I first saw While the City Sleeps—one of the last films Lang made in America—about a year ago, and I notice it's becoming a staple of movie channels, especially those that feature packages of "noir films." It's becoming more and more available and makes for entertaining viewing.

Wednesday, September 23, 2020

They Drive By Night

They Drive By Night
 (Raoul Walsh, 1940) Warner Brothers-style action-and-intrigue pot-boiler about...wild-cat truckers. Well, that shouldn't be much of a surprise. In lieu of gangsterism, the trucking world could serve as a substitute for rough-and-tumble world of trying to make a fast buck on the legitimate side of the ledger in the world of capitalism The subject hit something of a zenith combining trucking and film-noir in Jules Dassin's Thieves' Highway. This tough little film from Raoul Walsh—who made definitive films on both crooked and straight paths to success concerns the brothers Fabrini (George Raft and Humphrey Bogart) are partners in a truck who decide to stop working for other shipping companies and do the deals themselves. This pushes their murderous schedules to the edge and consequences determine a change of focus. An interesting little movie where two Warner's tough-guys—Raft and his understudy at the time, Bogart*—do "everyman" jobs and mine real drama out of it. Of course, it couldn't be a Warner's picture without action and the film boasts two nail-biters where truck-drivers fall asleep at the wheel, filmed with the snap that one can expect from Raoul Walsh.

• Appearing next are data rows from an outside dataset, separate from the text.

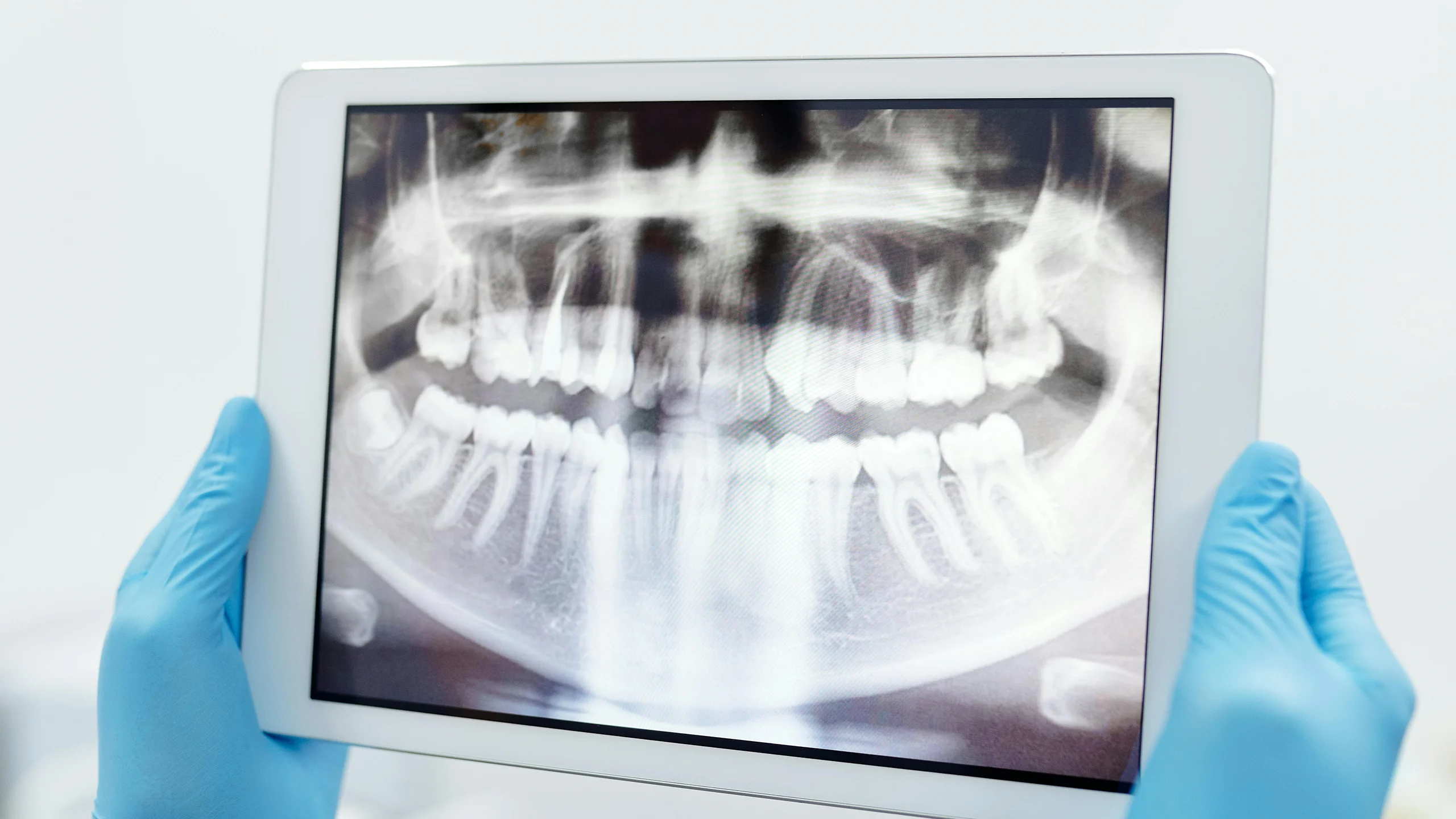 Are Dental X-Rays Safe? Addressing Common Concerns About Radiation Exposure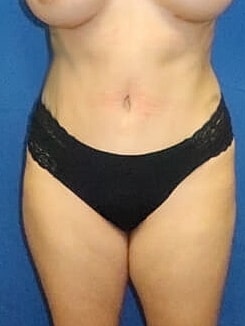 Tummy Tuck Before & After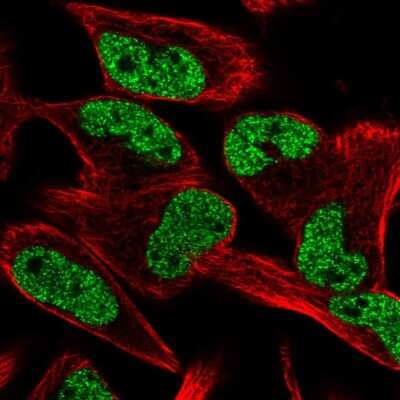 Immunocytochemistry/ Immunofluorescence: CCM2L Antibody [NBP2-58827]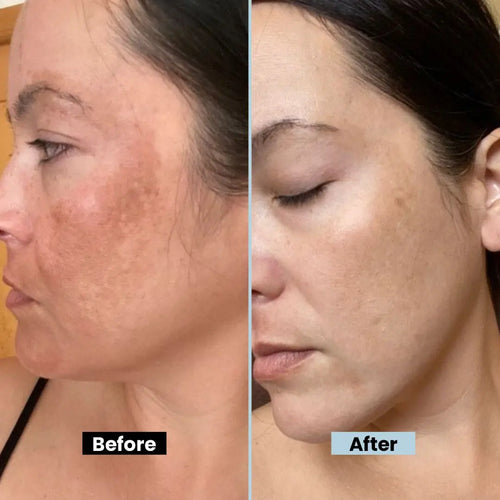 Glutathione Beauty Cream - Brighten & rejuvenate skin with Aloe Vera, Hyaluronic Acid & Shea Butter. Reduces dark spots & hyperpigmentation for a radiant glow - 40gm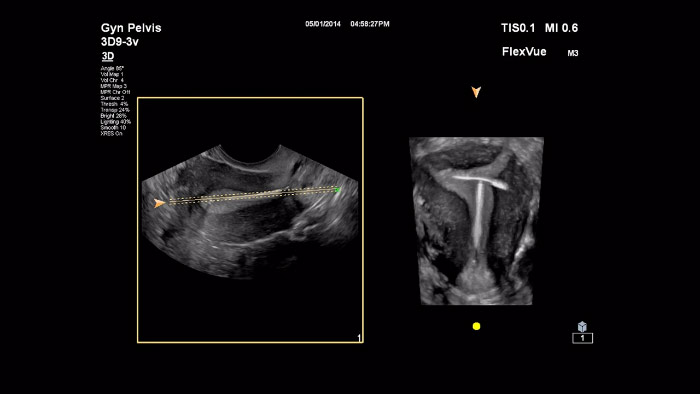 Imagem em miniatura do v&iacute;deo Flexvue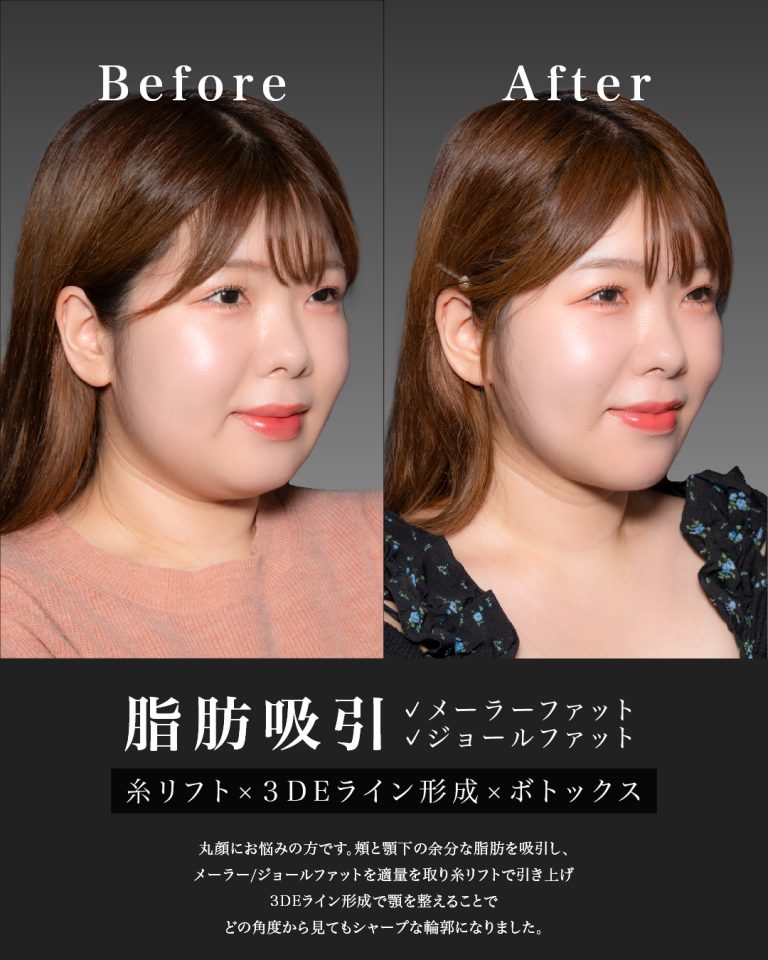 顔の脂肪吸引(担当医:岡本 卓也 医師)の症例写真2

Where the movie excels is the smart patter that spins drama in the economic realities of this corps of transport specialists. The movie manages to slip in lessons in Unionization and Modernization amid the wise-cracks and the trumped murder-plot that dominates the film's second half. You begin to feel like you're learning something without being preached to.

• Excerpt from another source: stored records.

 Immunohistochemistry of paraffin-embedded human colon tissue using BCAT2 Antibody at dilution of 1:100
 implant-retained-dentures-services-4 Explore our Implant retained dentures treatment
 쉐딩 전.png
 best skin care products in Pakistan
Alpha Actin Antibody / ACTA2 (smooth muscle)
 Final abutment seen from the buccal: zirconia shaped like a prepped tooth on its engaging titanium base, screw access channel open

And there's enough good acting going on that raises it above "B" level. Raft is a bit looser than usual in the starring role, but Bogart has the most dramatic...and fun part. Ann Sheridan does well with her wise-acre dialog and Ida Lupino manages a mine-filed of femme fatale neuroses with dexterity and quick-silver reactions. But the stand-out is Alan Hale—"The Skipper''s" dad—who takes the part of a trucker-who-owns-a-company and can't believe his good fortune. Hale's "Ed Carlsen" never has a "down" moment, and is carried out with wolfish good spirits and the sense that he's making it up as he goes along. His performance is the diamond in the rough in this rough little film about trucking. 

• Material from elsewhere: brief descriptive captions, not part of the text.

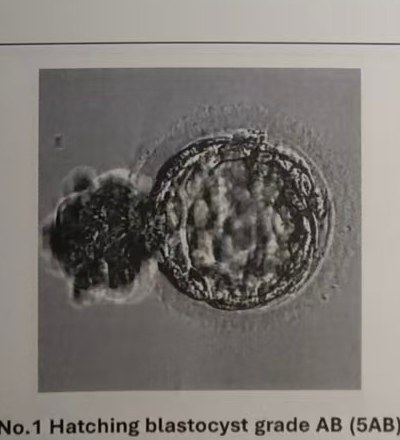 40岁患者移植5AB囊胚影像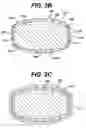 Fig. 09 - Dosage forms having a microreliefed surface and methods and apparatus for their production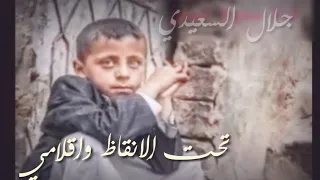 انا طفل يمني ضامي حالات حزينه عن اطفال اليمن روعه 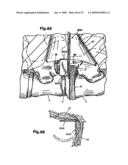 ACCESS DEVICE FOR MINIMALLY INVASIVE SURGERY diagram and image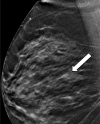 Figure 3b: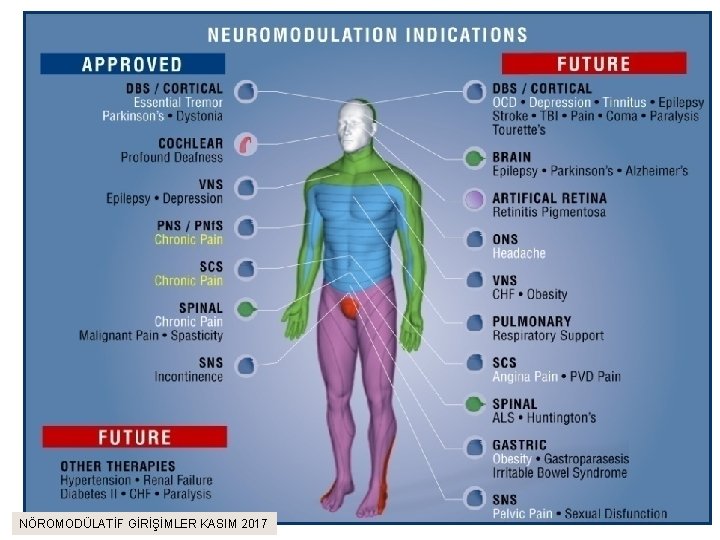 NÖROMODÜLATİF GİRİŞİMLER KASIM 2017 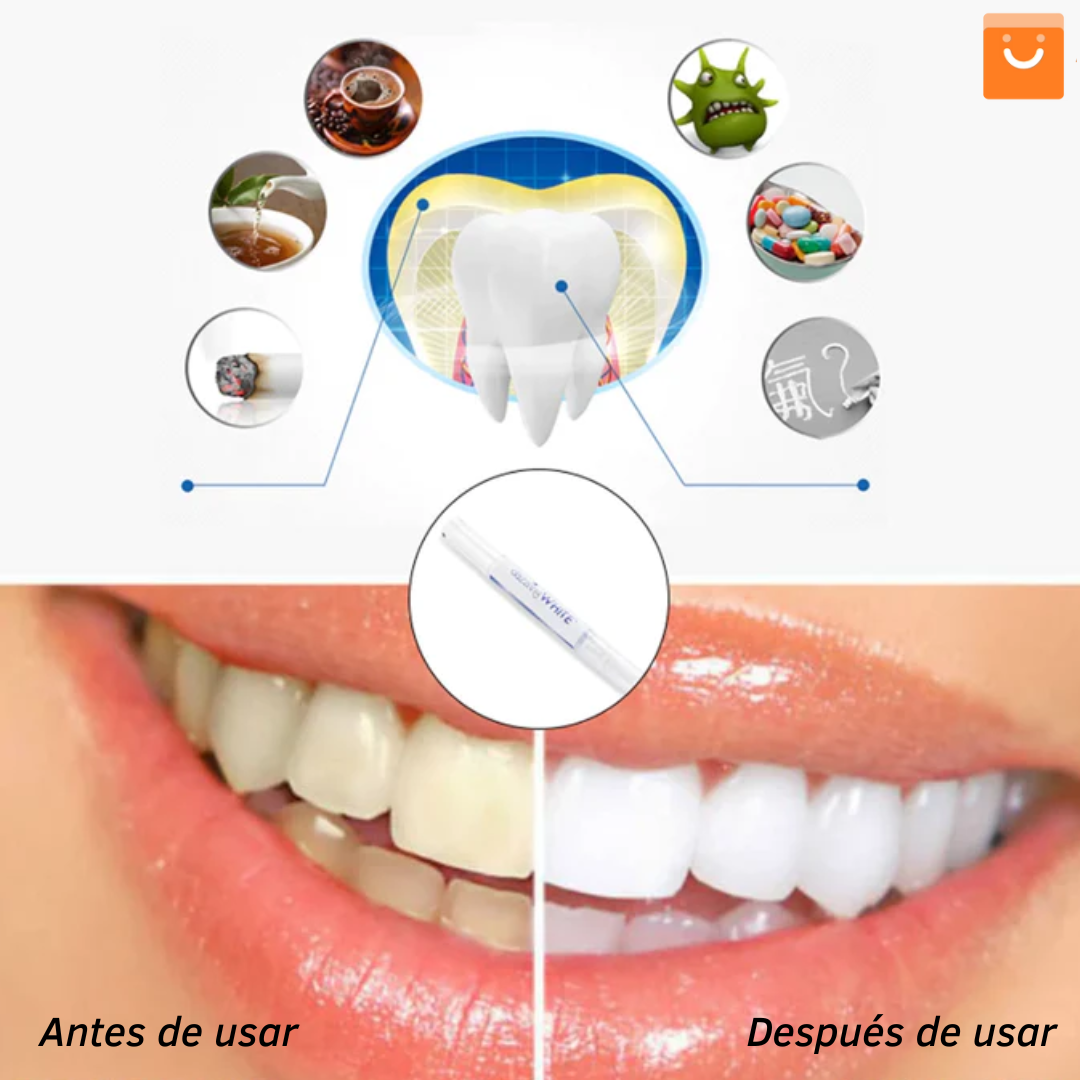 MySmile™ - Bolígrafo blanqueador de dientes (OFERTA  EXCLUSIVA  2 X 1)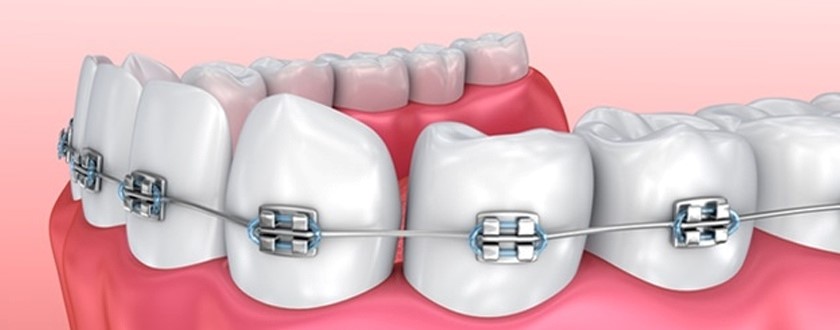 Orthodontics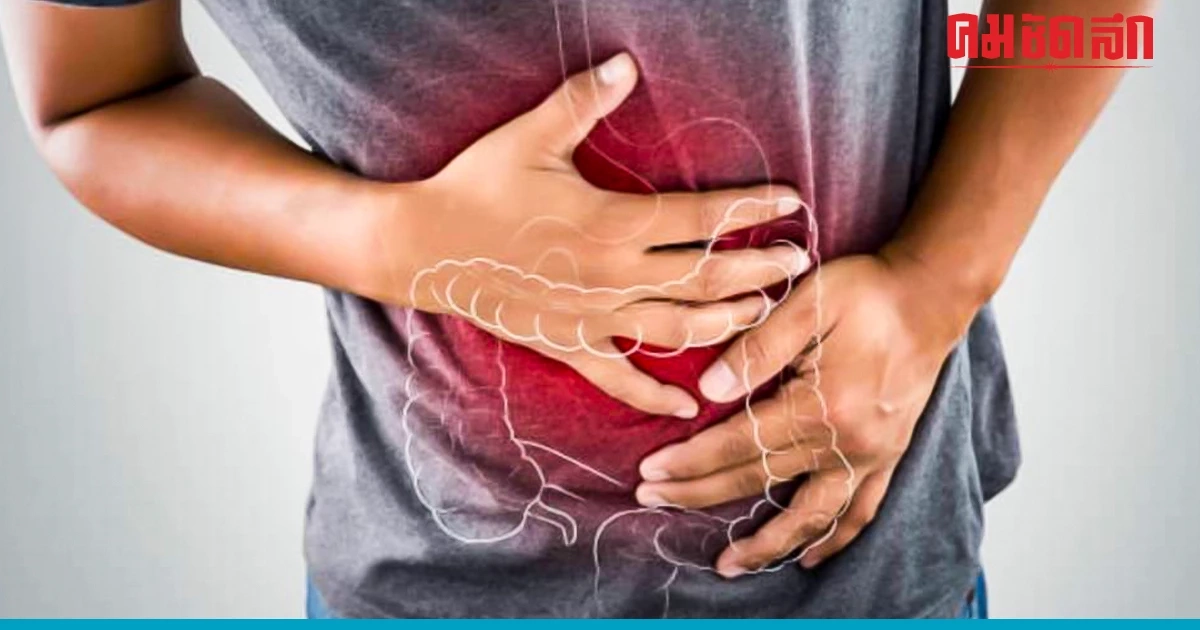 5 โรคทางเดินอาหาร มาแบบเงียบๆ แต่นำไปสู่โรคร้ายแรง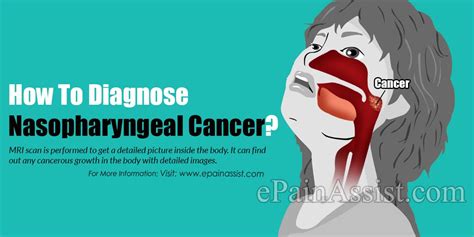How To Diagnose Nasopharyngeal Cancer And What Is The Best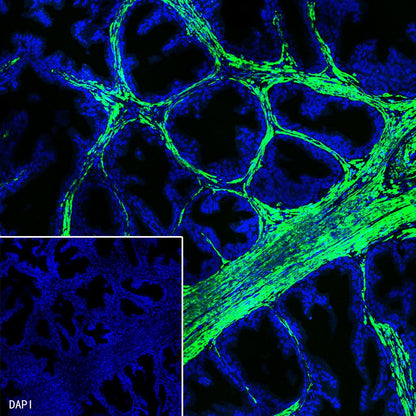 alpha smooth muscle Actin Recombinant Rabbit mAb (FITC Conjugate) (SDT-132-63)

*At this time in his career, Bogie was still upset at the way his career was going, he was still doing the occasional western, and just the previous year he starred in the worst movie of his career--The Return of Doctor X! But in his next movie would be a part that Raft tosses aside--"Mad Dog" Roy Earle in High Sierra. And the next part meant for Raft but inherited by Bogart would be detective Sam Spade in The Maltese Falcon.